The parent to truck names Kenworth, Peterbilt, and DAF said it achieved record quarterly net sales and financial service revenues of $5.45 billion in the fourth quarter of 2017, compared to $4.07 billion for the same period in 2016.
Net income totaled $589.2 million, or $1.67 per share, for the fourth quarter of 2017, including $173.4 million of net tax benefits resulting from recent changes to U.S. tax laws. This compares to net income of $288.8 million a year earlier.
The one-time net tax benefits include a reduction of net deferred tax liabilities of $304 million, partially offset by a tax on accumulated foreign earnings of $130.6 million, according to the company.
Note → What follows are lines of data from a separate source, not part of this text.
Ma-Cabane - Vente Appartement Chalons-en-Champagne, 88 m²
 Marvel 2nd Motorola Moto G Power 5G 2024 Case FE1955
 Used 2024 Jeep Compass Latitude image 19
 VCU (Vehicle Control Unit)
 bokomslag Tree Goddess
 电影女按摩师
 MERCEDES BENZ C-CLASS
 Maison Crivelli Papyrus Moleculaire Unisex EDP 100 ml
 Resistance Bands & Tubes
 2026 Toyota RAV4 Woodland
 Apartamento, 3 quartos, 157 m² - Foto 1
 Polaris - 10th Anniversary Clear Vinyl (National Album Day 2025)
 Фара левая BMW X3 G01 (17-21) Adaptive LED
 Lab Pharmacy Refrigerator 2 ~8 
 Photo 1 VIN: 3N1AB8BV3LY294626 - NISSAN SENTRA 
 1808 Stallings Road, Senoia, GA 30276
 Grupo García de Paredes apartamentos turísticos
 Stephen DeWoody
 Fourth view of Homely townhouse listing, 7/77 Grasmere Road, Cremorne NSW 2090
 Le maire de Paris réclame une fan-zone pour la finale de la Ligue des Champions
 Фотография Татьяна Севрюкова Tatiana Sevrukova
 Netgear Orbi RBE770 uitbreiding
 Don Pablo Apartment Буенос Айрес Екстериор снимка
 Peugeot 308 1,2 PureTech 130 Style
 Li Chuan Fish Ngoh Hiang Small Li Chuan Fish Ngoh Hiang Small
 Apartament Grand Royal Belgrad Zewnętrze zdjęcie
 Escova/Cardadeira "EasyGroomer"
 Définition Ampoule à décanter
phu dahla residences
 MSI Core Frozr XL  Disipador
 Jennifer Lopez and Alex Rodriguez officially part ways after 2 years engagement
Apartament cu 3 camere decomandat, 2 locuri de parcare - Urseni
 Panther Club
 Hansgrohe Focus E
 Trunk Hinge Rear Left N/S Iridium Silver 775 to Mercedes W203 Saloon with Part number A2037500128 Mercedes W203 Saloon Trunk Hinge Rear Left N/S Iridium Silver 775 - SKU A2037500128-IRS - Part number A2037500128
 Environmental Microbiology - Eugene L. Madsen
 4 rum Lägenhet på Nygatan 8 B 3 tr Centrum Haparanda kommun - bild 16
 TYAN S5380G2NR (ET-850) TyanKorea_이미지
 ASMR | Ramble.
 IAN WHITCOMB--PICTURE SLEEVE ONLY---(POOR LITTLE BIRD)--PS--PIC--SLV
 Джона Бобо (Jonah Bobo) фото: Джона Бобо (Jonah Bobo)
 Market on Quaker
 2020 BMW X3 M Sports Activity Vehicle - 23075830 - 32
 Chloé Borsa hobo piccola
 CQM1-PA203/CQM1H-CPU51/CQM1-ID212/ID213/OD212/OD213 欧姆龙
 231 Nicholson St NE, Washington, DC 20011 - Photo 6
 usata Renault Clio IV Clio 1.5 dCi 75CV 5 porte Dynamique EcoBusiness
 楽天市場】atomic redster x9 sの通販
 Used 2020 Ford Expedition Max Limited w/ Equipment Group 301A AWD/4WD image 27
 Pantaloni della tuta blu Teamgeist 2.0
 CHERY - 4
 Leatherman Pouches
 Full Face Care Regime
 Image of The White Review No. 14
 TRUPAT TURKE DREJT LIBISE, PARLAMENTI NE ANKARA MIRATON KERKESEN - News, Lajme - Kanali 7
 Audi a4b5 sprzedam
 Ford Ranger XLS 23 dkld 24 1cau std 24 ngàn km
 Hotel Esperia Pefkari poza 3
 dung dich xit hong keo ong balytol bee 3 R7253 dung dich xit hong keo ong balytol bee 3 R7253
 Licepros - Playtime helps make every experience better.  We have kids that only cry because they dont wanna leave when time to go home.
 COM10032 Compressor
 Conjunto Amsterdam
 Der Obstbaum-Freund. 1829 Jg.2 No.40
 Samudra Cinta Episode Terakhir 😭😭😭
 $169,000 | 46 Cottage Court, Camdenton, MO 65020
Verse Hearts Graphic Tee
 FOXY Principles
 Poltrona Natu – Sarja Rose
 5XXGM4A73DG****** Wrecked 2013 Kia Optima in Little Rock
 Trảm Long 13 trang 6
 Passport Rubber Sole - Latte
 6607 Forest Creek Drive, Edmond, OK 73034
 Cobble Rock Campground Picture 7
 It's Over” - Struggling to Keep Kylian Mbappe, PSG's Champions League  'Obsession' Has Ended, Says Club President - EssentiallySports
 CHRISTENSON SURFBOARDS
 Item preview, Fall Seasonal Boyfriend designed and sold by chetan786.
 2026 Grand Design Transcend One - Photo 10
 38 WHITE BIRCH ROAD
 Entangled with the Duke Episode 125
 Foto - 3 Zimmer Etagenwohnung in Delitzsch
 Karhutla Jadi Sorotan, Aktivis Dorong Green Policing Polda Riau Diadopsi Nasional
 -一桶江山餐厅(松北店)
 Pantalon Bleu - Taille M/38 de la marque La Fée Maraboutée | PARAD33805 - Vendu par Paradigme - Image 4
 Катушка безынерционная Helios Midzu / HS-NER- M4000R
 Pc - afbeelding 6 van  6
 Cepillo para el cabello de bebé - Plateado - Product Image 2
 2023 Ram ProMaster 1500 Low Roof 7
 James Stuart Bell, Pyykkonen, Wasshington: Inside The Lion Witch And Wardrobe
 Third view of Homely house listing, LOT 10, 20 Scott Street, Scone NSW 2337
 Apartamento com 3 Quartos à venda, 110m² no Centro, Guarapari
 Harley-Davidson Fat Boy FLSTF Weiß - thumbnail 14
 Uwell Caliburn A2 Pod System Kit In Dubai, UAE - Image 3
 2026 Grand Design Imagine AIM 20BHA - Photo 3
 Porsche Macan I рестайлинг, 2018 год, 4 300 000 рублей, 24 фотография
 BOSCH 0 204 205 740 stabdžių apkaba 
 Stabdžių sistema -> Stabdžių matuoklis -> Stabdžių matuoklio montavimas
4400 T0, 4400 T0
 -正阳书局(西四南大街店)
The Washington-state based company also reported record revenues of $19.46 billion in 2017, a 14% increase compared to 2016.
Net income for last year was $1.68 billion, or $4.75 per share, including the $173.4 million one-time tax benefit. Excluding this benefit, Paccar had adjusted net income of $1.5 billion. The company reported 2016 annual net income of $521.7 million, or $1.48 per share, that included an $833 million non-recurring charge for a European Commission settlement over claims of price fixing.
“The enacted tax legislation will generate positive cash flow for Paccar as well as benefit the transportation industry in the United States,” said Harrie Schippers, president and chief financial officer.
He said this new tax rate will likely stimulate increased capital investment in the United States.
Class 8 truck industry retail sales in the U.S. and Canada were 218,000 units in 2017, compared to 216,000 vehicles sold in 2016, according to Paccar. Kenworth and Peterbilt achieved record Class 8 retail market share of 30.7% in the U.S. and Canada in 2017, compared to 28.5% in 2016.